Task details - Among the entries below, retype exactly the lines starting with the one with "Grand salon/salle à" and going on through the one with "In the foyer, this", but not the pictures.

[[ Extracted material open ]]

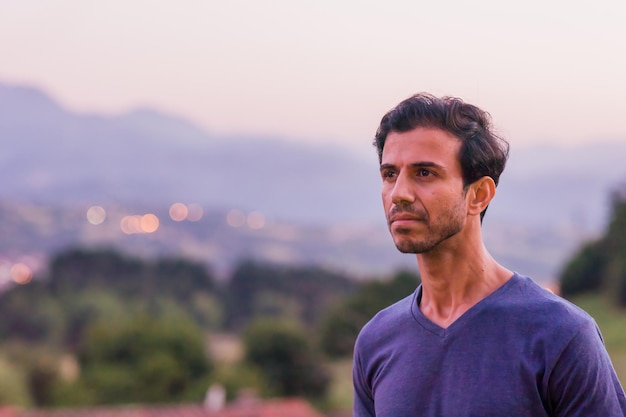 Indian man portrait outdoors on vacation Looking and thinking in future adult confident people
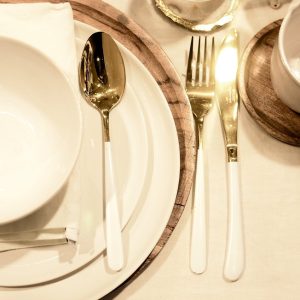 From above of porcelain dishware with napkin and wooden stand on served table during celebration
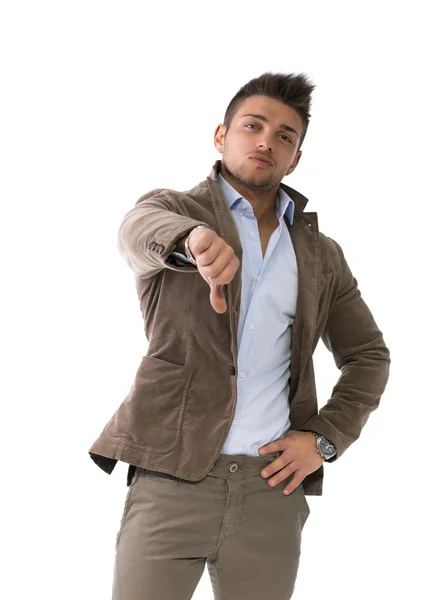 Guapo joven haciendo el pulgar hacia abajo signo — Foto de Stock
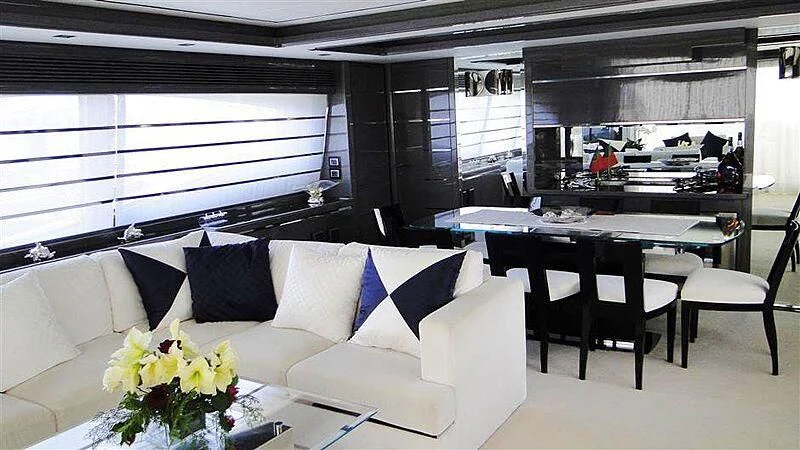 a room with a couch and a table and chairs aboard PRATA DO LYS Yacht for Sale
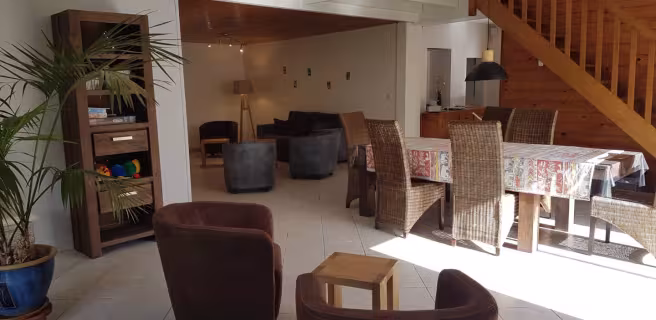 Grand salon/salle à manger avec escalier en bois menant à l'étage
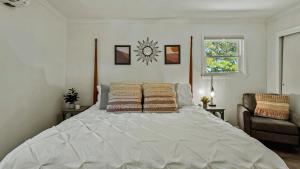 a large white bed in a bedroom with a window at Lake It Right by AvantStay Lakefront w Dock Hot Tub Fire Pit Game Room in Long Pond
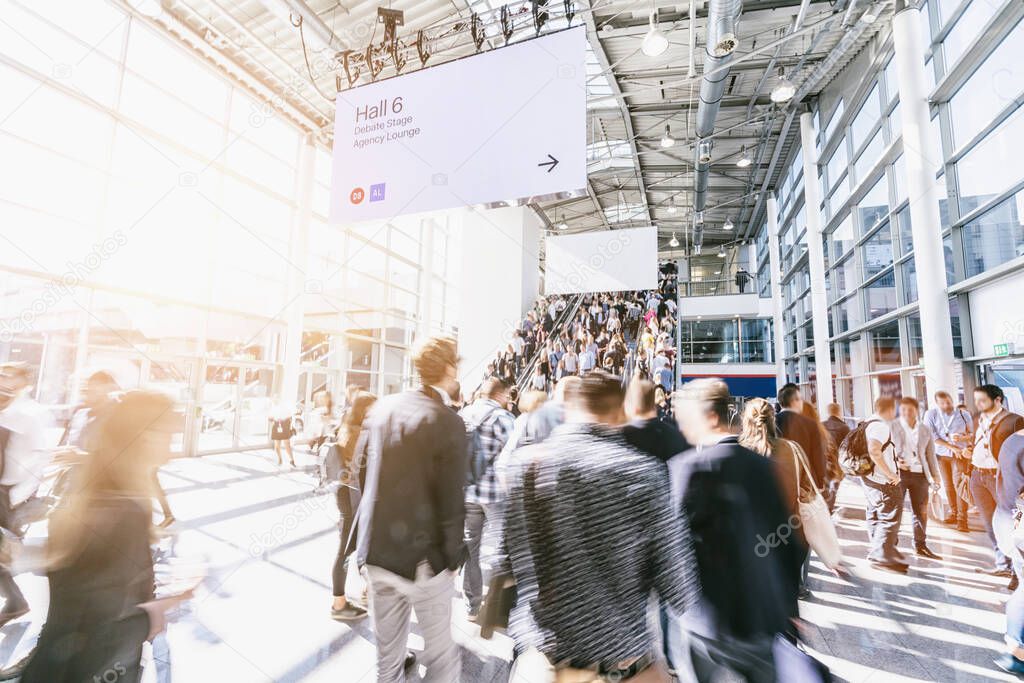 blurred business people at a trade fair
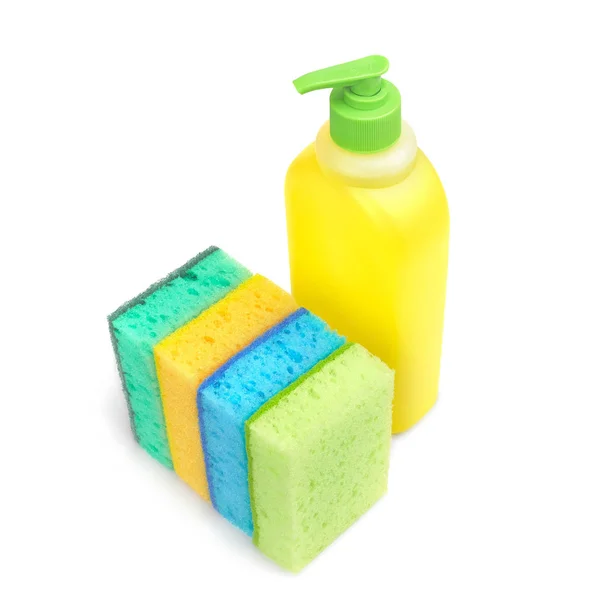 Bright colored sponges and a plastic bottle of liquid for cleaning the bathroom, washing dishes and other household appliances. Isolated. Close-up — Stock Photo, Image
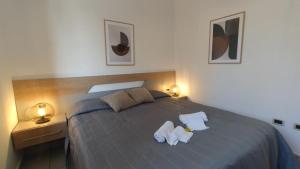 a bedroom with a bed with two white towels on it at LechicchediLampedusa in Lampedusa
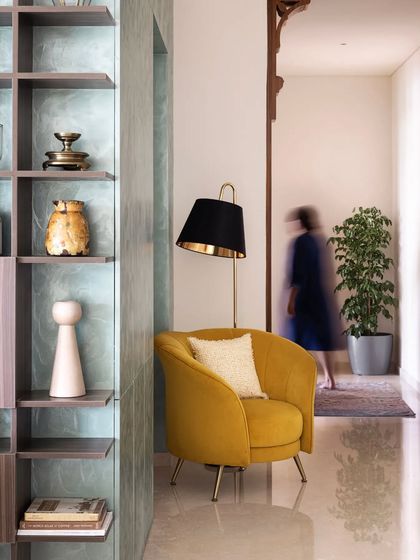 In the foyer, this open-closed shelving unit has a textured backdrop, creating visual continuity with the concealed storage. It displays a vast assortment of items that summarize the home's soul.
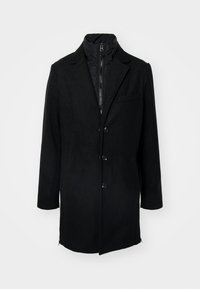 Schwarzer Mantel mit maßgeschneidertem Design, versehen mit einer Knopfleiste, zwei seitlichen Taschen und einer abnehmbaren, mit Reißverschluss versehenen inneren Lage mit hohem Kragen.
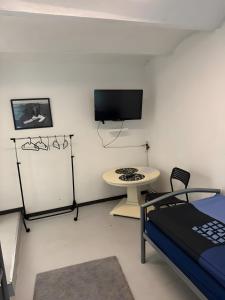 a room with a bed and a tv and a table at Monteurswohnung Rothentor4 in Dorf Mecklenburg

[[ Extracted material closed ]]

Solution for this task -
 Grand salon/salle à manger avec escalier en bois menant à l'étage
 a large white bed in a bedroom with a window at Lake It Right by AvantStay Lakefront w Dock Hot Tub Fire Pit Game Room in Long Pond
 blurred business people at a trade fair
 Bright colored sponges and a plastic bottle of liquid for cleaning the bathroom, washing dishes and other household appliances. Isolated. Close-up — Stock Photo, Image
 a bedroom with a bed with two white towels on it at LechicchediLampedusa in Lampedusa
 In the foyer, this open-closed shelving unit has a textured backdrop, creating visual continuity with the concealed storage. It displays a vast assortment of items that summarize the home's soul.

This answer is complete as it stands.